The President speaks at the beginning of each semester to all staff on the “state of the University” and meets later with the senior administrative staff. The President and Cabinet attend regularly scheduled faculty meetings, and the President and Provost meet monthly with the Faculty Executive Committee (See Faculty Governance, below). The President also meets monthly with the leadership of the WSA, briefs the student representatives to the Board prior to each Board Meeting, and afterwards attends the next WSA meeting.
Faculty, students, and staff consult directly with members of Cabinet through standing committees, such as the Educational Policyand Student Life Committees, and on ad hoc committees or task forces convened to examine particular campus issues (e.g., Making Excellence Inclusive and the Sexual Violence Task Force).
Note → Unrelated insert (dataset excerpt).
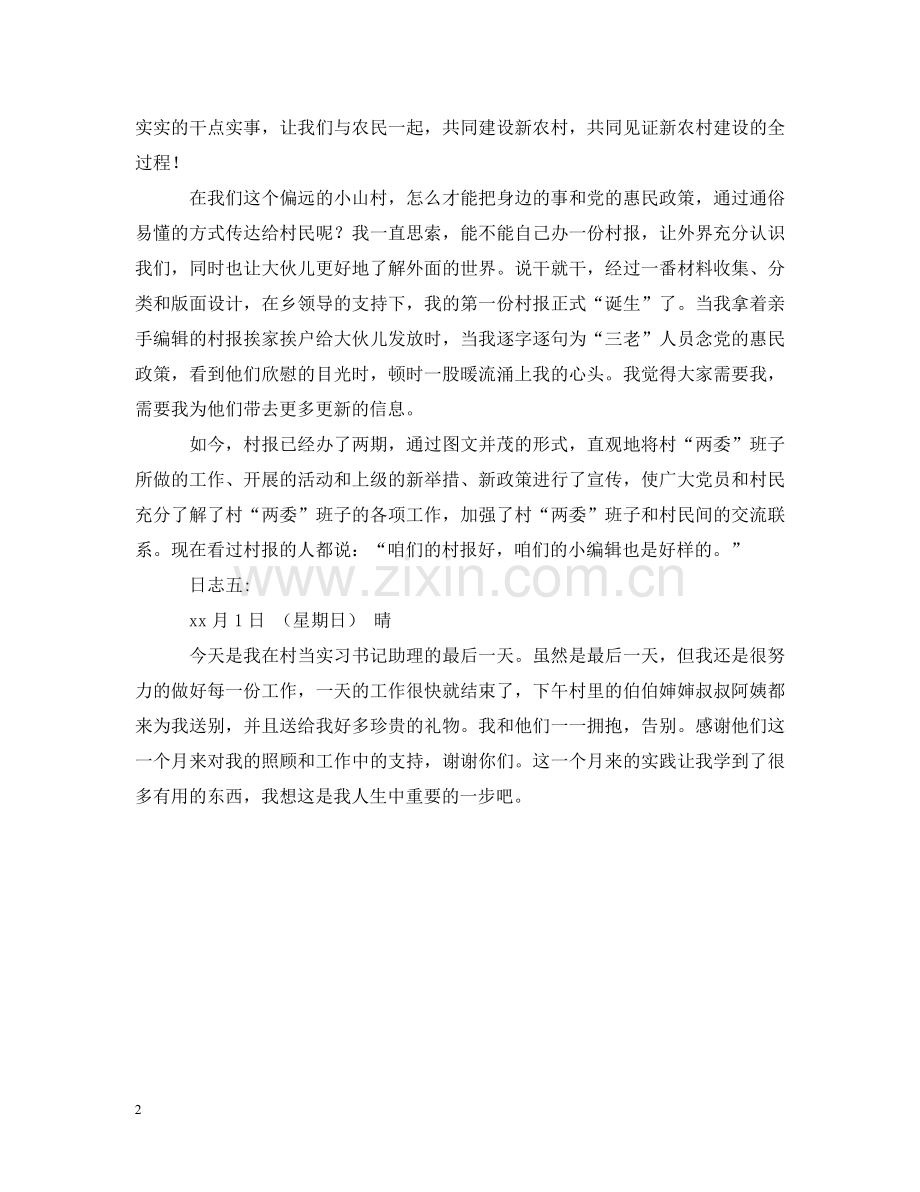 在村委会的实习日记 .doc_第2页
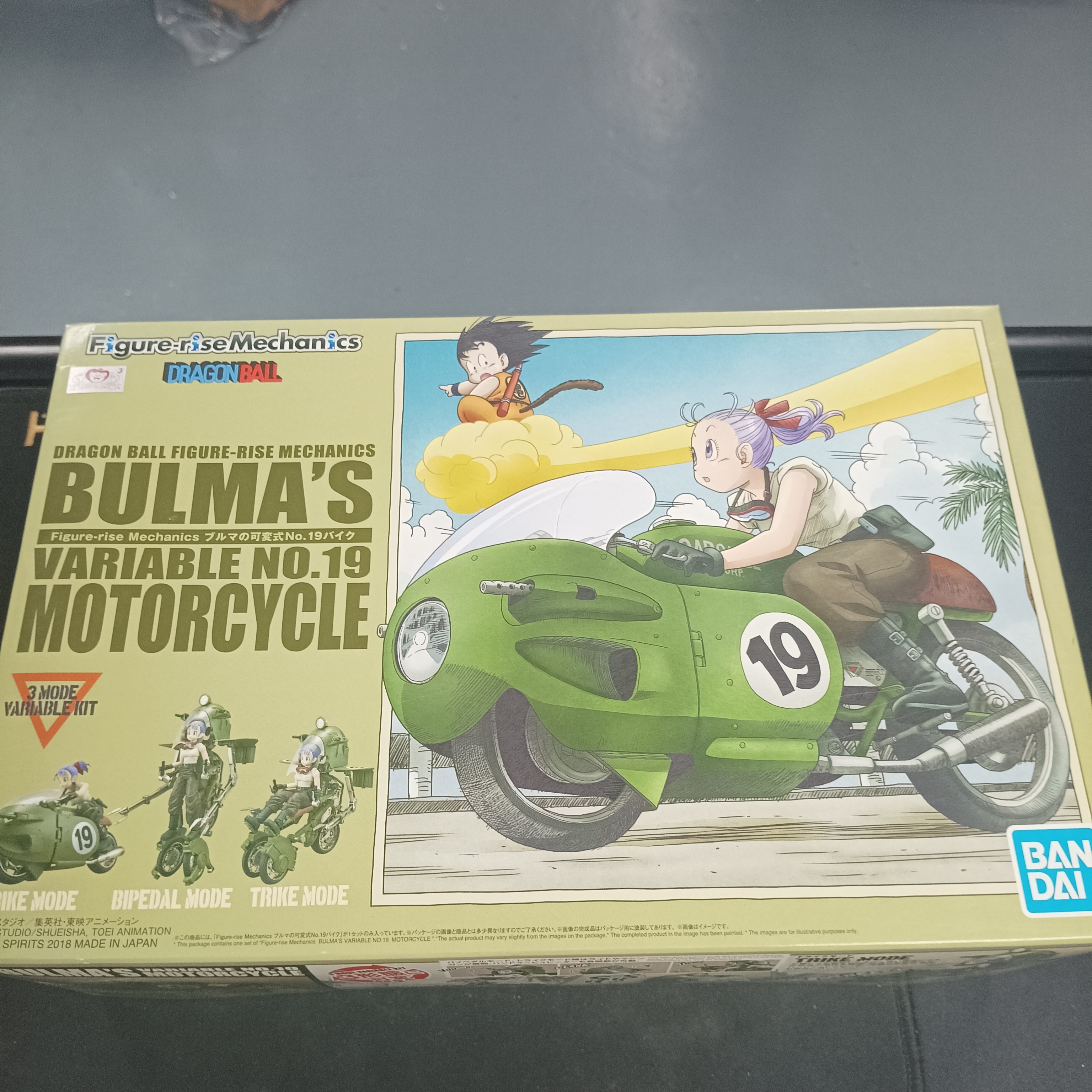 寄賣-DRAGON BALL BULMA'S VARIABLE NO.19 MOTOCYCLE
Reports and recommendations from these task forces are made to the President and Cabinet. Open fora for faculty, students, and staff are held when significant issues affecting the general welfare of the institution are being considered to ensure that decisions are informed by views from across the community.
Appraisal
The financial meltdown beginning in 2008 tested the willingness and ability of groups to work collectively. Faced with difficult decisions, President Roth declared a policy of complete transparency: information necessary for decision-making would be available to all. Thus, rather than restricting discussions of reducing expenditures to senior administrators, the University embraced a broad, collective process.
Transparent and collective decision-making, however, requires reliable data on which everyone can agree. Over the past few years the administration has endeavored to develop more complete data than had been available previously and to centralize information in a “data warehouse” accessible to all groups. This turns out to be a formidable logistical and technological challenge, but as of the spring of 2012, one close to being met.
There is, of course, a balance that needs to be found between broad participation and efficiency in decision-making. In the fall of 2011, for example, the library and administration announced a policy of weeding 60,000 volumes from Olin Library. Faculty protested they had not been consulted sufficiently in what they perceived as a fundamental change in library policy, while the library and administration felt this was an administrative procedure rather than a policy change. In this case, the weeding was postponed and a faculty-library committee established to examine the issue. Differences between faculty and administration will doubtless continue to arise, but the commitment to consultation and collective decision-making whenever possible seems genuine on both sides.
Projection
As data continue to be made available in the service of transparency in decision-making, it is to be hoped that the spirit of cooperation that allowed various constituencies to come together in time of crisis will not be lost to the suspiciousness of entrenched interests so common in university politics.
Faculty
Description
University by-laws define the faculty as the “professors, associate professors, assistant professors, lecturers and instructors, and the President of the University, together with such others as may be constituted members thereof by vote of the Board of Trustees. The faculty includes the full- and part-time teaching staff (including emeriti given appointments as per course visitors) but not those staff who teach in addition to their primary duties. There are currently 375 members of the faculty, 339 of whom are counted as full-time Wesleyan employees. These members are collectively responsible for faculty governance, which chiefly involves matters pertaining to educational policy and practice on one hand and faculty tenure and promotion procedures and decisions on the other. The structure and procedures of faculty governance are articulated in the by-laws of the faculty and the Faculty Handbook, available in individual faculty electronic portfolios.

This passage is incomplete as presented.